People often ask me about the research that goes into writing tales of the past. I won’t diminish the importance of the “work” part – of going to primary and secondary sources of the period you write about to be sure you have your facts right. But research can also be fun – it can be part of other things that we love to do.
For me, one of those things is travel. There’s nothing quite like being in an old place and soaking up the atmosphere to get one’s imagination working about what life there was like long ago. Stand in the kitchen of a fourteenth-century castle and imagine the fire roaring in the huge hearth with pots hanging from hooks and meat roasting on spits being turned ever so slowly by the kitchen boy known as the “turnspit” – because his job, of course, was to turn the spit.
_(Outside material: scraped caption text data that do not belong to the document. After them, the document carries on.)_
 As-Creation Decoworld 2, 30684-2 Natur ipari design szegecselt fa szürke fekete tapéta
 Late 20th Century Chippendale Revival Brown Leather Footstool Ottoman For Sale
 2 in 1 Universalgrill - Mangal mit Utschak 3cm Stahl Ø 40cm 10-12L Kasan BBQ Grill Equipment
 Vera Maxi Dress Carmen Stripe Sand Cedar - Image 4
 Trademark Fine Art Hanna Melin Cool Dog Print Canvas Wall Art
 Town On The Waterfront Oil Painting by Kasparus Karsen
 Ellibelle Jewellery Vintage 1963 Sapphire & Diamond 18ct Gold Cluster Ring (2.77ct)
Look around the fifteenth-century brewery on a vast estate and marvel at how the water was pumped into the vats to mix with the grain to form a mash. Walk slowly through an old cathedral and imagine the stonemasons who built the sturdy walls and beautiful vaulted ceilings – or look up into the ledges in those vaults and see burial boxes of kings who lived in the eighth or ninth century.
History becomes so very real.
Another thing I enjoy is browsing antique shops. Even if you’re not buying, they are a great place to discover old objects that can make their way into a story one day.
I take pictures. Lots and lots and lots of pictures. You never know when you’ll have a story to tell about a particular place – or when a story you’re in the middle of needs a detailed description of the site of a fortress or the furnishings in an eighteenth-century drawing room or a coat of arms carved in stone above an elaborate fireplace.
And I’ve found another use for those pictures in helping to bring the world of the Second Son Chronicles to life in the Gallery page on the website for the series.
I also read other authors – historical fiction or non-fiction – learning from the research they’ve already done. But, of course, I do verify what part of an author’s work is factual and what springs from their imagination before relying on it for my own work.
So, for me, research is something I’m always doing. When I set out to tell a story, I always have a solid foundation for the time and place of the narrative and for any historical characters that may figure in the tale.
But one of the really delightful things about all the technology we have today is that “just in time” research is always possible.
In Pestlience, there’s a reference to the main character’s son, Geoffrey, being breeched – that important milestone in a young boy’s life when he starts wearing breeches instead of a dress. As I wrote the sentence, I couldn’t remember for sure at what age this usually happened – but a little searching on the internet reassured me that Geoffrey was just the right age.
I hope you enjoy the Chronicles as much as I’m enjoying telling the stories.